Two-thirds of that expected shortfall would result from the $93 billion program to replace the Navy’s Ohio-class nuclear-powered ballistic missile submarines. Such a cost might reduce the amount the Navy would have to buy some other kinds of ships, with the result that it would take two decades for the Navy to increase its battle force from its current 288 ships to its goal of 306.
The House and the Senate Armed Services committees have a solution, though. They have included provisions in their respective fiscal 2015 defense policy bills (HR 4435, S 2410) that, with a stroke of the president’s pen, could significantly relieve the strain on the Navy’s shipbuilding plans.Rather than pay for the submarines from the Navy’s regular budget, the bills would create a special National Sea-Based Deterrence Fund to cover the cost of the Ohio-class submarine replacement.
By elevating the submarine program directly under the control of the secretary of Defense — not unlike the Missile Defense Agency — lawmakers hope to avoid having the Navy’s top priority competing for money with its other warships, at least directly. With both committees supporting the idea, it is a virtual lock to become law.
The effect on the submarine program, senior congressional aides and experts say, is probably negligible because the Navy favors it over any other warship program. But the effect on the Navy’s shipbuilding account, which has typically ranged between $13 billion and $15 billion in recent years, could be significant, particularly if lawmakers and the Navy decided to maintain the same levels of budget authority for the account.
“The implications are enormous,” said Gordon Adams, who once oversaw the Pentagon’s budget while at the Office of Management and Budget. Adams is now a professor at American University. “The Navy wanted to get rid of this burden on the shipbuilding account.”
The shortfall represents about $4 billion annually over a 15-year period, or roughly 1 percent of the defense budget, Navy officials argue.
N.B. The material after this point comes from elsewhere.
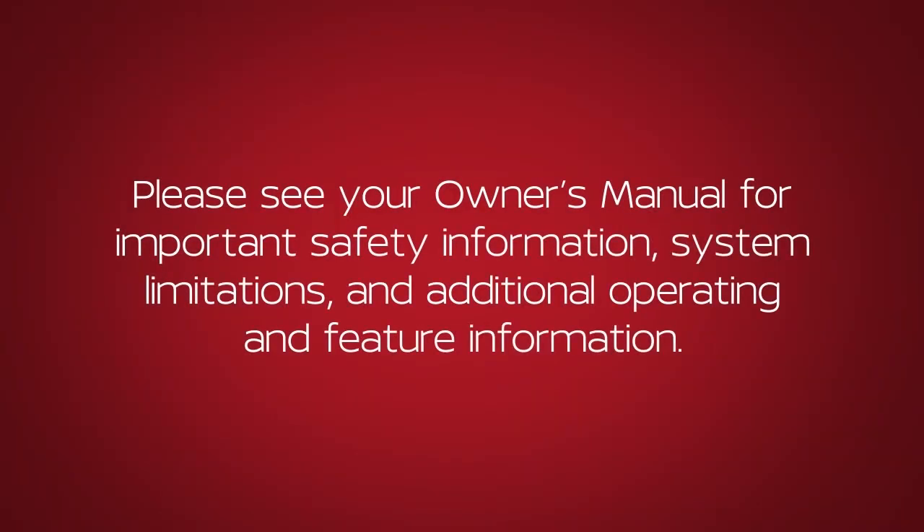Please see your owner's manual for important safety information, system limitations, and additional operating and feature information.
Elevating the missile boat to the Defense secretary level potentially strengthens the case for funding the sub.
The new deterrence fund “allows the services to fight for what they view as core missions,” rather than making painful trade-offs between those core missions and a strategic mission they perform, Adams explained.
Costly Submarine
The Navy’s proposed fiscal 2015 budget requests $1.2 billion for continued research and development work on the Ohio replacement, a program to design and build a new class of 12 ballistic missile submarines to replace the Navy’s current force of 14 Ohio-class subs.
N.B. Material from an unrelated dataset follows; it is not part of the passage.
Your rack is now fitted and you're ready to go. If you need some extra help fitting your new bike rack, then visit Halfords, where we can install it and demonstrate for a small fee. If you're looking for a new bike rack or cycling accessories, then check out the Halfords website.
The ballistic missile submarines are the only class that carry nuclear weapons. The Navy also has nuclear-powered attack submarines and nuclear-powered cruise missile submarines.
The Navy intends to begin buying the first submarine of the line in fiscal 2021. In May 2013, it estimated the procurement cost of the lead ship in the program at $12 billion.
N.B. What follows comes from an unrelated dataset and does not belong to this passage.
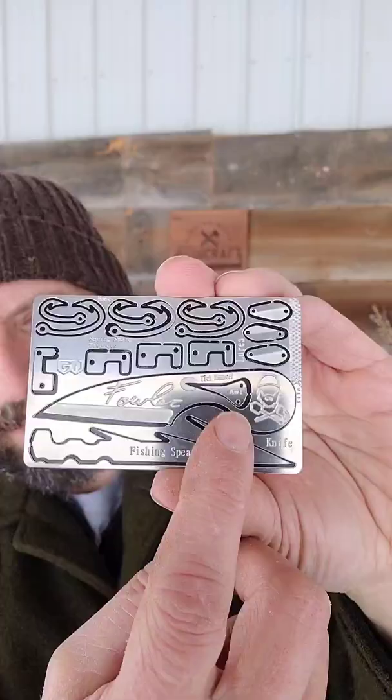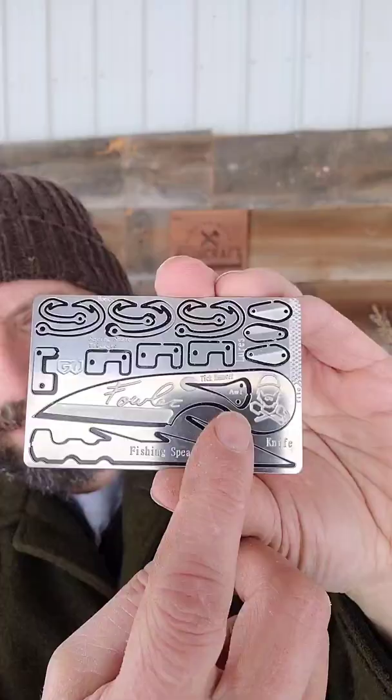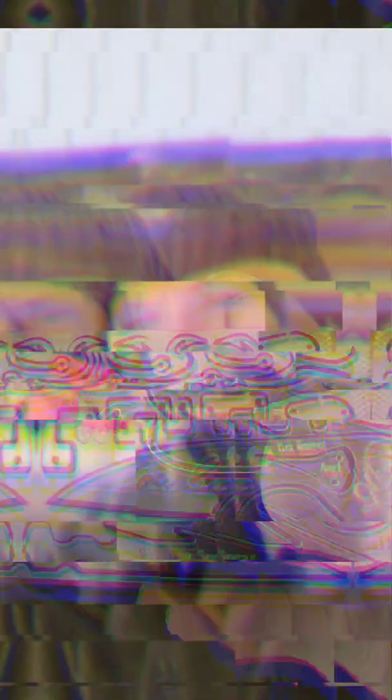The knife on the Fowler card features a wharncliffe style blade. There's also an awl, and when the awl is removed, there is a tick remover built into the handle of the knife.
“The Navy in April 2014 estimated the average procurement cost of boats two through 12 in the Ohio replacement program at about $5.36 billion each in FY 2010 dollars, and is working to reduce that figure to a target of $4.9 billion each in FY 2010 dollars,” wrote Ronald O’Rourke, a naval analyst with the Congressional Research Service, in a June 4 report on the program.
Despite efforts to drive down costs — some experts suggested the subs could cost as much as $10 billion each, given the military’s recent acquisition record — lawmakers are concerned the subs would choke other portions of the shipbuilding budget.
“It is not the Ohio-class replacement that benefits from the creation of this new fund,” a senior congressional aide explained. “It will be the other shipbuilding programs that might have been hurt by the Ohio-class replacement that might ultimately benefit.”
Nonetheless, Senate Armed Services, in a report accompanying the bill that would authorize $100 million for the fund, said that creating the new account would ensure “that the program has the appropriate visibility within the administration and within Congress to ensure that the Ohio Replacement Program moves forward with the appropriate level of visibility and management attention.”
This is particularly important because the military writ large will face budget limits (PL 112-25, PL 113-67) for at least eight years after the fiscal 2015 budget is signed into law.
If the ballistic missile submarine program were to remain in the Navy shipbuilding account, it would consume a third to half of the money beginning around 2020.
In a statement after the bill was completed, Sen. Jack Reed, D-R.I., a senior defense authorizer, lauded the creation of the fund.
“Submarines’ unique capability for stealth, strike capacity, and ability to deliver special forces personnel into difficult environments make them an extremely effective force multiplier and deterrent to our adversaries,” Reed said.
General Dynamics Electric Boat, which builds the nation’s submarine fleet, is based, in part, in Rhode Island.
Frank Hoffman, a senior research fellow at the National Defense University, said he hopes the new fund helps. “Otherwise,” he said, “auxiliaries and amphibs and attack boats are doomed.”